## Extracted records
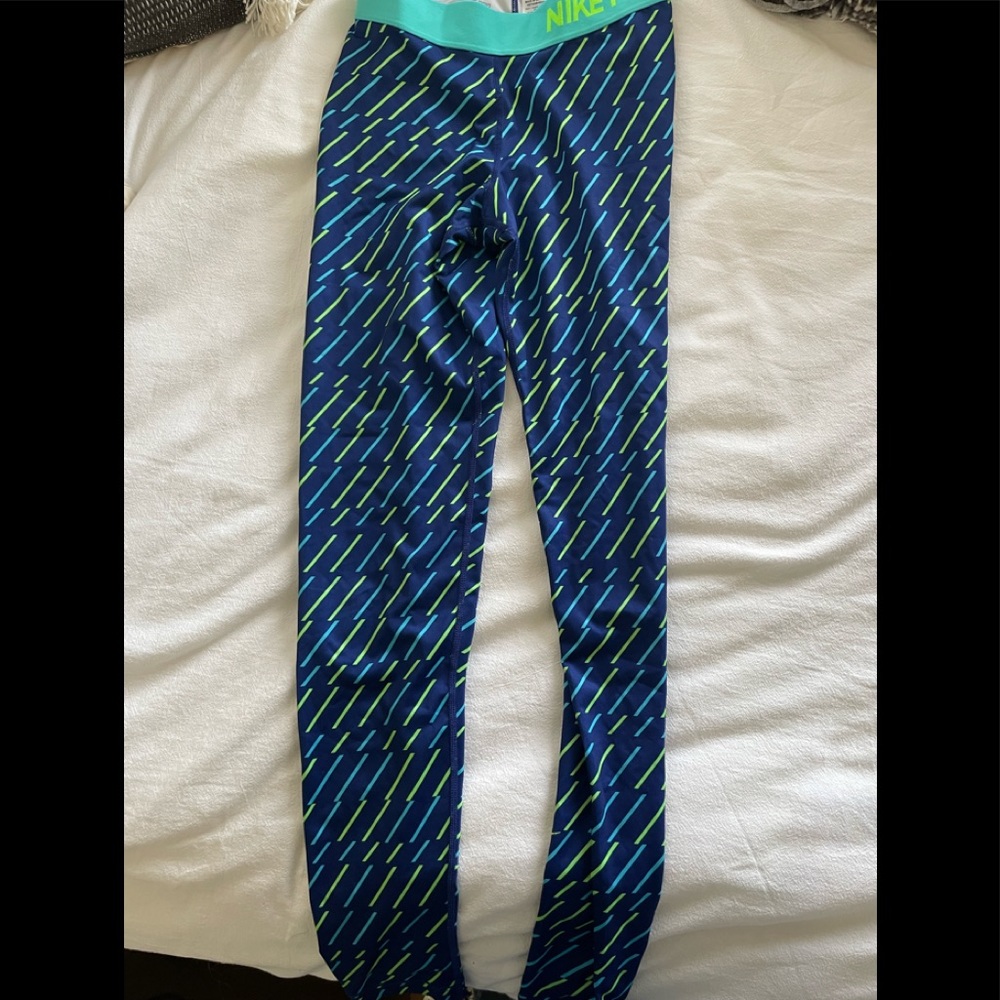 Navy & Neon Nike Pro Legginings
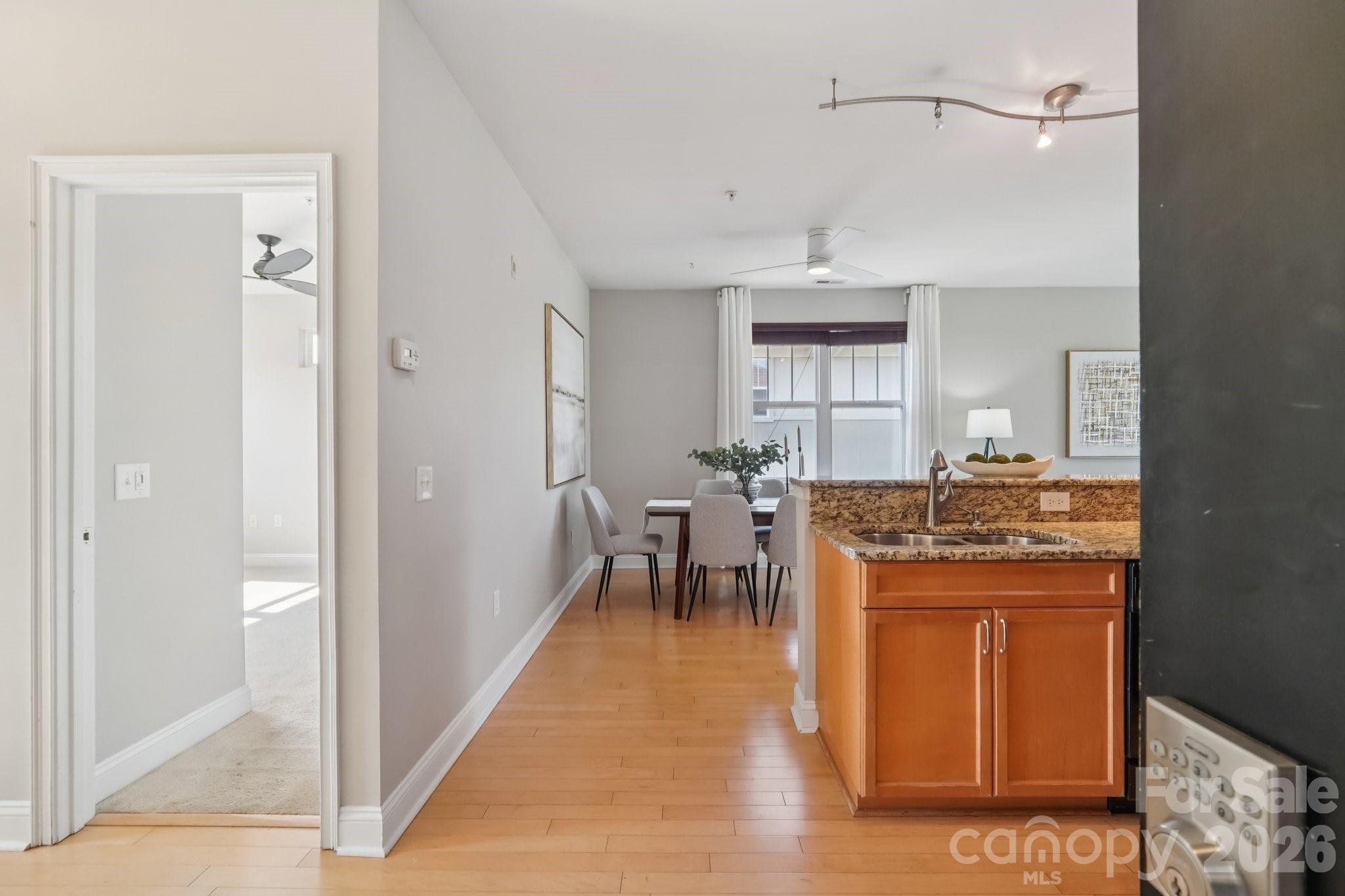 1308 Kenilworth Avenue #432 — Charlotte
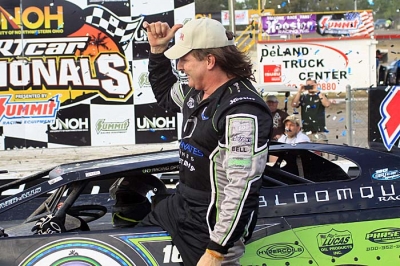 Scott Bloomquist picked up his first win of the season in Volusia's day race. (stlracing.com)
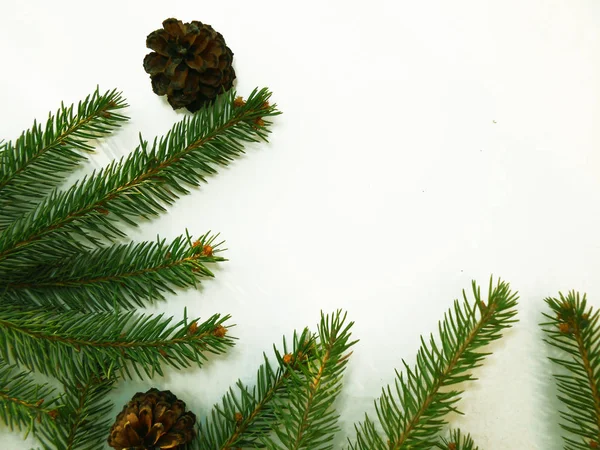 Albero di Natale su sfondo bianco. Regali di Capodanno. Layout piatto, vista dall'alto, spazio di copia — Foto Stock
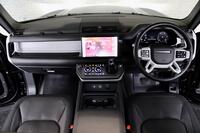 LAND ROVER DEFENDER 90 (2023)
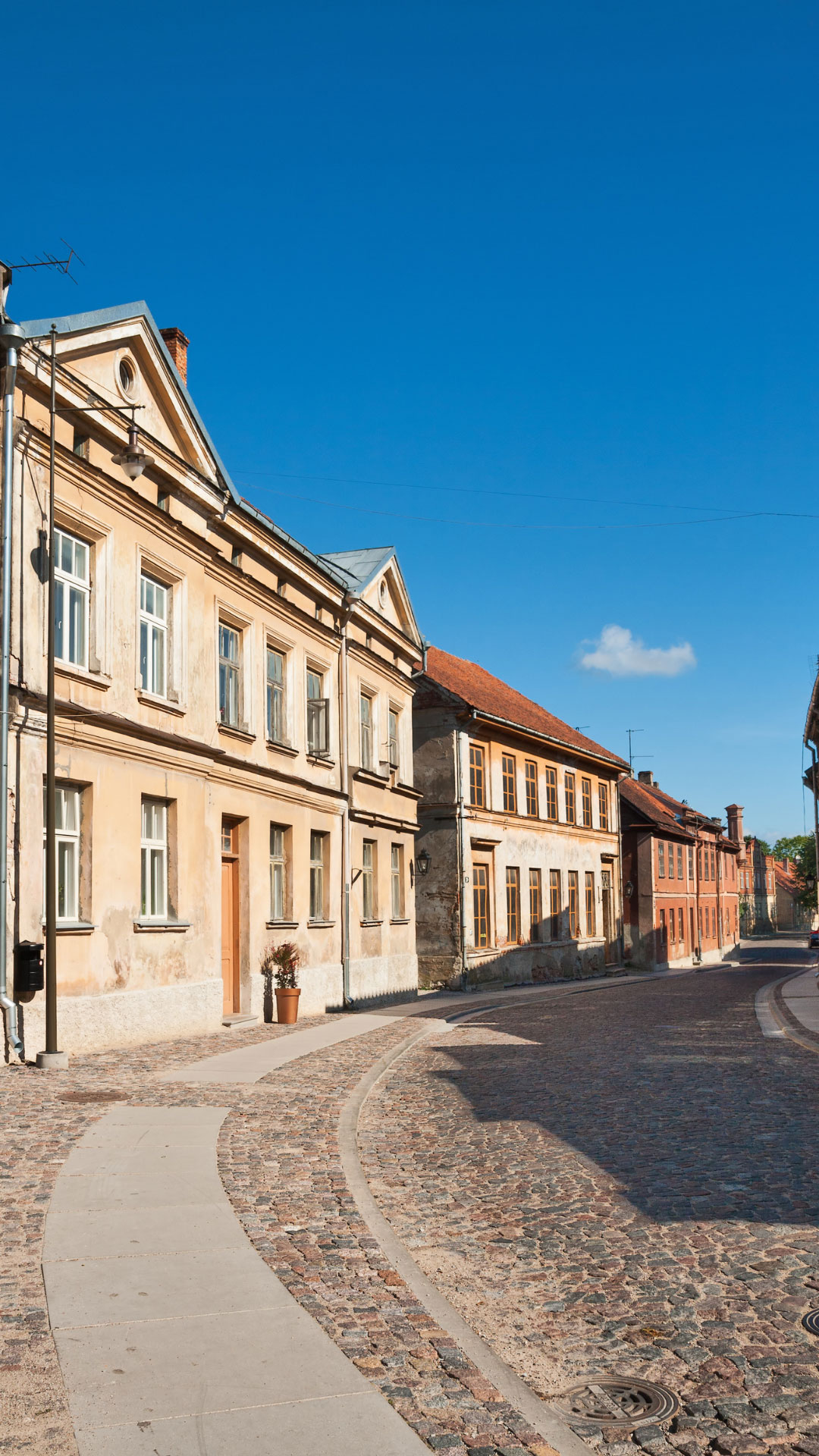 Latvia_Gallery_2.jpg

## Work required
Everything in the records above should be retyped exactly except the pictures.

## Response box
 Navy & Neon Nike Pro Legginings
 1308 Kenilworth Avenue #432 — Charlotte
 Scott Bloomquist picked up his first win of the season in Volusia's day race. (stlracing.com)
 Albero di Natale su sfondo bianco. Regali di Capodanno. Layout piatto, vista dall'alto, spazio di copia — Foto Stock
 LAND ROVER DEFENDER 90 (2023)
 Latvia_Gallery_2.jpg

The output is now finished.